For the Steak and Guinness Stew:
2 tablespoons vegetable oil
2 lbs stewing beef (like chuck), cut into 1½-inch cubes
Salt and pepper, to taste
1 large yellow onion, chopped
3 garlic cloves, minced
2 tablespoons tomato paste
3 tablespoons all-purpose flour
1 (14.9 oz) can Guinness stout
3 cups beef broth
3 carrots, peeled and chopped
2–3 Yukon gold potatoes, chopped
2 bay leaves
1 teaspoon dried thyme
1 teaspoon sugar (optional)
Chopped fresh parsley, for garnish
For the Irish Brown Bread:
2 cups whole wheat flour
1 cup all-purpose flour
1 teaspoon baking soda
1 teaspoon salt
2 tablespoons butter, cut into small cubes
1¾ cups buttermilk (or whole milk + 1 tbsp lemon juice)

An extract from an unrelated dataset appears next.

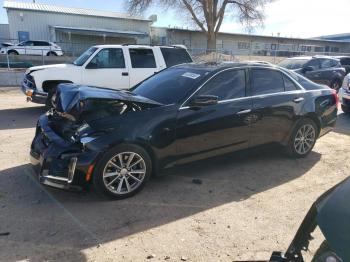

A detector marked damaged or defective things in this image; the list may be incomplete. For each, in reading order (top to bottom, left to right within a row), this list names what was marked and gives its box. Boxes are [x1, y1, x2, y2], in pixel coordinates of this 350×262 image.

crumpled front bumper [30, 114, 99, 190]
damaged black sedan [30, 63, 340, 199]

1 tablespoon molasses or honey (optional, for sweetness)
Make the Stew:
Brown the Beef:
Heat oil in a large Dutch oven. Season beef with salt and pepper, then sear in batches until browned. Remove and set aside.
Sauté the Aromatics:
In the same pot, cook onion until softened (5–6 min), then stir in garlic and tomato paste. Cook 1–2 min more.
Build the Base:
Sprinkle flour over the onion mixture and stir to coat. Slowly pour in Guinness, scraping the bottom. Add beef broth and bring to a simmer.
Simmer:
Return beef to pot. Add carrots, potatoes, bay leaves, thyme, and sugar. Cover and simmer on low for 2 to 2½ hours until beef is tender. Remove bay leaves before serving.

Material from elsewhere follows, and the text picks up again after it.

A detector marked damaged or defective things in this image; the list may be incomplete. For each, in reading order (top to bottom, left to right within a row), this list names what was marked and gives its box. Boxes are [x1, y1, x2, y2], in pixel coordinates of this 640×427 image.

Make the Irish Brown Bread:
Preheat oven to 400°F (200°C).
Grease a loaf pan or line with parchment.
Mix Dry Ingredients:
In a bowl, whisk together flours, baking soda, and salt. Cut in butter until crumbly.
Add Wet Ingredients:
Stir in buttermilk and molasses until just combined (don’t overmix).
Bake:
Transfer to pan, smooth the top, and bake 40–45 minutes until a toothpick comes out clean. Cool before slicing.
The stew gets better after a day in the fridge. Great for leftovers!
You can freeze both the stew and the bread for future meals.
No Guinness? Use another stout or a dark, rich beef broth.